1928 - 2015
“Because of my vision, I’m using my life now when I paint. I mean by that all the painting that I’ve ever done.”Lennart Anderson in a 2013 interview with The Vision & Art Project
Born in Detroit, Michigan, Lennart Anderson knew from a young age that he wanted to be an artist. He often visited the Detroit Institute of Arts as a child and went on to study at the School of the Art Institute of Chicago and then at the Cranbrook Academy of Art.

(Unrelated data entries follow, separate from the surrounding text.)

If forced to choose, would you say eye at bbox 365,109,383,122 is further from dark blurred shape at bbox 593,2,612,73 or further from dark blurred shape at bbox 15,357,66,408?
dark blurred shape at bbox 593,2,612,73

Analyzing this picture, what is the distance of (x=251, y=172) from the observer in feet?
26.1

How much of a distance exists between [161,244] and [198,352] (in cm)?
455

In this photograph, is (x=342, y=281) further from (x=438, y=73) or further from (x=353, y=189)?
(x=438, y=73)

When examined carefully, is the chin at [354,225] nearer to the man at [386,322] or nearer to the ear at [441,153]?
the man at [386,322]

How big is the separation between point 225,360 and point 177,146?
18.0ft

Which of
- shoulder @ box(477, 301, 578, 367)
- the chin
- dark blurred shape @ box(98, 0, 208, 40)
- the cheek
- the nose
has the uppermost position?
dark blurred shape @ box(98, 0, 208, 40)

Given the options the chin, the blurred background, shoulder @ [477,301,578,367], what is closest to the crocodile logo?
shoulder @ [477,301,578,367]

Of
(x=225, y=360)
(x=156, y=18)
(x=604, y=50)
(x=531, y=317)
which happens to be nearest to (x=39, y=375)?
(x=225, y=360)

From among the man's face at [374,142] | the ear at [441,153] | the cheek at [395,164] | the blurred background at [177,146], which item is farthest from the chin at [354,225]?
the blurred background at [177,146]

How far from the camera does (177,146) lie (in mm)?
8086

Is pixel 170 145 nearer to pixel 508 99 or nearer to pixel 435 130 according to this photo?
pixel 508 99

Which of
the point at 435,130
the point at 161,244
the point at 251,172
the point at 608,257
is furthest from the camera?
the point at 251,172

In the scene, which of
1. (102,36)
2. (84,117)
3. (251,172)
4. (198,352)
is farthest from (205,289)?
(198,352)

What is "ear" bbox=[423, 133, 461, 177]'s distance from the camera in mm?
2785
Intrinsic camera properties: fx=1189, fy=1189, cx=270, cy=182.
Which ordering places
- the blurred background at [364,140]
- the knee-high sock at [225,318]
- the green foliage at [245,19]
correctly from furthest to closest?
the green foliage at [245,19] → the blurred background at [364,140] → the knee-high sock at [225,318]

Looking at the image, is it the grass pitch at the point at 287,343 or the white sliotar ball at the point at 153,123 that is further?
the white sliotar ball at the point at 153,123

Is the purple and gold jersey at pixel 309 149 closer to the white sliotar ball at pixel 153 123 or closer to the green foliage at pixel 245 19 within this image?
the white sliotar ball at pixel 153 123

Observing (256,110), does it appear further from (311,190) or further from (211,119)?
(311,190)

He moved to New York in the mid-1950s, studied briefly at the Art Students League under Edwin Dickinson, and lived on Tenth Street, then a hub of abstract expressionism. In a 2013 interview with The Vision & Art Project, Anderson talked about how, from early in his career, he “hunkered down” and pursued what interested him. This included painting street scenes and bacchanals from a combination of perception and imagination, as well as still lifes, portraits, and figures from observation. By his own admission, he was deeply influenced by the work of historical painters—among others, Edgar Degas, Diego Velázquez, Jean-Auguste-Dominique Ingres, and Jean-Baptiste-Camille-Corot.

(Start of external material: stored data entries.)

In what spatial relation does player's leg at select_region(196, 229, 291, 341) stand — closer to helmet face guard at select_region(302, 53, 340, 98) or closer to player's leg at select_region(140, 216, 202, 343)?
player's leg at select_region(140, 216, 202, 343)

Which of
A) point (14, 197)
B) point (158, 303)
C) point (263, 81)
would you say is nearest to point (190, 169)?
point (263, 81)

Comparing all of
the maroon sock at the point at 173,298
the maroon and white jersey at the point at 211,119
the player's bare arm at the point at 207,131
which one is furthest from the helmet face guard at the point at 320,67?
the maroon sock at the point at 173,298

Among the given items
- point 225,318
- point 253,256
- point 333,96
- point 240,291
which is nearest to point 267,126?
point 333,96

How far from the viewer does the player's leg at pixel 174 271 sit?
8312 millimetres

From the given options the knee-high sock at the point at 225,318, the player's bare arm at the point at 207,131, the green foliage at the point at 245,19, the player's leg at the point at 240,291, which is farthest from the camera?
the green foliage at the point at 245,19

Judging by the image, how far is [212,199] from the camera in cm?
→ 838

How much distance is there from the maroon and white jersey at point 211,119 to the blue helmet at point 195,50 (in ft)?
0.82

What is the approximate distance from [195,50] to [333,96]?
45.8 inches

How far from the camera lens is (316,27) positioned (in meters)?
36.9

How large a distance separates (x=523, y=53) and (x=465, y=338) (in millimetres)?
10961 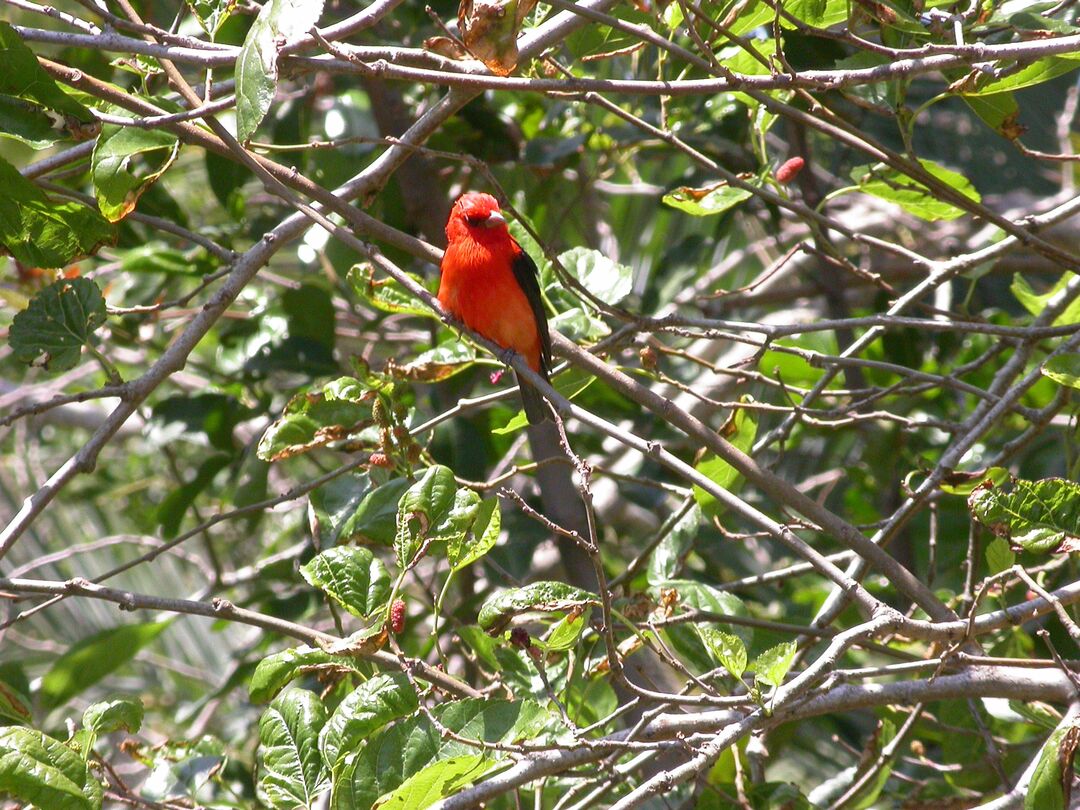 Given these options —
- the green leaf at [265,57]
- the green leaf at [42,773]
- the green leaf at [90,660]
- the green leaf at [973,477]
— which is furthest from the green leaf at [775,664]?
the green leaf at [90,660]

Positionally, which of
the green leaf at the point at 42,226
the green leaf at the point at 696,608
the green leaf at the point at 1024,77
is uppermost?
the green leaf at the point at 42,226

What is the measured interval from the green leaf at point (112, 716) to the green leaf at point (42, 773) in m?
0.22

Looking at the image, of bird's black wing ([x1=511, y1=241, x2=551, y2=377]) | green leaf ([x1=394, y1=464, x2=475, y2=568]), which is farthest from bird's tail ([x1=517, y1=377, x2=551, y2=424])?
green leaf ([x1=394, y1=464, x2=475, y2=568])

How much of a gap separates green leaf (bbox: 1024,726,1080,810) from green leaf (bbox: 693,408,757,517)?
1.09 metres

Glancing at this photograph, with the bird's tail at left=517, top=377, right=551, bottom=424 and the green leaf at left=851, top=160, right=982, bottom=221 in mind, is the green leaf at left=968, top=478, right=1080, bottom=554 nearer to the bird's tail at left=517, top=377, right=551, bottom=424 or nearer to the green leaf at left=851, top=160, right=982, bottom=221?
the green leaf at left=851, top=160, right=982, bottom=221

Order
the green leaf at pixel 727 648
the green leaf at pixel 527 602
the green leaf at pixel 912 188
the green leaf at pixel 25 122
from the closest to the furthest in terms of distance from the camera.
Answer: the green leaf at pixel 727 648 → the green leaf at pixel 527 602 → the green leaf at pixel 25 122 → the green leaf at pixel 912 188

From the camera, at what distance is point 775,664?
211 cm

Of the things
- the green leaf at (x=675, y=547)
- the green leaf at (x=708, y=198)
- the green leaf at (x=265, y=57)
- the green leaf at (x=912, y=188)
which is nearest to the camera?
the green leaf at (x=265, y=57)

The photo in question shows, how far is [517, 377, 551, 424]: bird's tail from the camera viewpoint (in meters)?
3.37

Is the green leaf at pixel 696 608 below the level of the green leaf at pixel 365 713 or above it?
below

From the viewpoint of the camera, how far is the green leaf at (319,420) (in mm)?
2910

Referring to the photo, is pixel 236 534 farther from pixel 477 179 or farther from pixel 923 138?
pixel 923 138

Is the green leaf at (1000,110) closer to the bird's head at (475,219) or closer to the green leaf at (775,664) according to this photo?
the green leaf at (775,664)

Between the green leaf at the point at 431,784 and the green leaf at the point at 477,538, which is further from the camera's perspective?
the green leaf at the point at 477,538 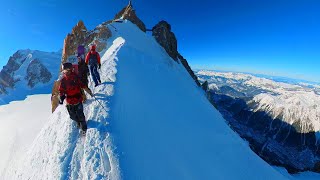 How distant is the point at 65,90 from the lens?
11.3 metres

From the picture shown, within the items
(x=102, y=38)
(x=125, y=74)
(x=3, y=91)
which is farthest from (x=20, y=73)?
(x=125, y=74)

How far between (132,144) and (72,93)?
396 cm

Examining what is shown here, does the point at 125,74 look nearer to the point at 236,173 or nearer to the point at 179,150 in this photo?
the point at 179,150

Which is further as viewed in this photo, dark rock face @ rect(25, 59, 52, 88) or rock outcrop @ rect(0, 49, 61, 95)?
rock outcrop @ rect(0, 49, 61, 95)

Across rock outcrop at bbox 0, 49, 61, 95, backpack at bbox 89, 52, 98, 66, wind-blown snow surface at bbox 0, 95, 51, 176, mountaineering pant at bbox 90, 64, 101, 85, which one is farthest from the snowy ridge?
rock outcrop at bbox 0, 49, 61, 95

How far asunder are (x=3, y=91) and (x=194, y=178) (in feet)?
504

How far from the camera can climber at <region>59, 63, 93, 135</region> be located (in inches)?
443

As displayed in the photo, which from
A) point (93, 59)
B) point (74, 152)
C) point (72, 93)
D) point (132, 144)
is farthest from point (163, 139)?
point (93, 59)

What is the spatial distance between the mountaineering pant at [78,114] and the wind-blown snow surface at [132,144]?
0.42m

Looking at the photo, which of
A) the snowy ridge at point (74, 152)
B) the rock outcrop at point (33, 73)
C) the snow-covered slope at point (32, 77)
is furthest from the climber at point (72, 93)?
the rock outcrop at point (33, 73)

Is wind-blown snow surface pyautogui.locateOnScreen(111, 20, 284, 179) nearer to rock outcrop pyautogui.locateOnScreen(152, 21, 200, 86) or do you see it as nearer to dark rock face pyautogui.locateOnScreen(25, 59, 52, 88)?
rock outcrop pyautogui.locateOnScreen(152, 21, 200, 86)

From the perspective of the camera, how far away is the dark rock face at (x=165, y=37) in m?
49.3

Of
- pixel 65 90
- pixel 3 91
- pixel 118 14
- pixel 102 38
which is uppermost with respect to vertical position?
pixel 118 14

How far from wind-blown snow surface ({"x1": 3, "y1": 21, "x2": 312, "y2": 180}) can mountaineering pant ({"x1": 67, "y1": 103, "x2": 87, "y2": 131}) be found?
417mm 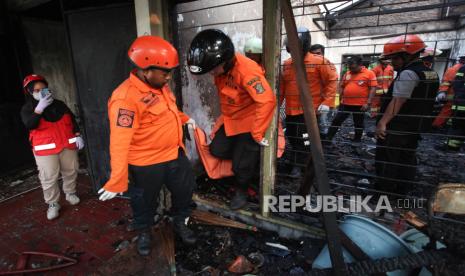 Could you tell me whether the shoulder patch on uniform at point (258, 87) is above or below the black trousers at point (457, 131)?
above

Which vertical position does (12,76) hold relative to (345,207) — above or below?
above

Although Anderson never worked exclusively from observation, he became known as a leading proponent of perceptual painting. He was the recipient of many important awards, including a Rome Prize (1958) and a Guggenheim (1983). His work is in the permanent collections of the Brooklyn Museum, Cleveland Museum of Art, Hirshhorn Museum and Sculpture Garden, Museum of Fine Arts (Boston), and Whitney Museum of American Art, among others. He taught at Columbia, Princeton, and Yale, and served as a distinguished professor emeritus at Brooklyn College.
Anderson’s post-macular artwork
Anderson’s right eye was affected by macular degeneration in 2001. For the next six years, he relied on his left eye, with little change to his paintings or painting practice. When his left eye succumbed in 2007, however, his work changed.
A source for several late paintings, many of them based on mythological motifs, were figure drawings he had completed years before while he was teaching at Brooklyn College. Among other strategies, he used a phone to assess his work, taking photos of work-in-progress and examining them very closely in his peripheral vision.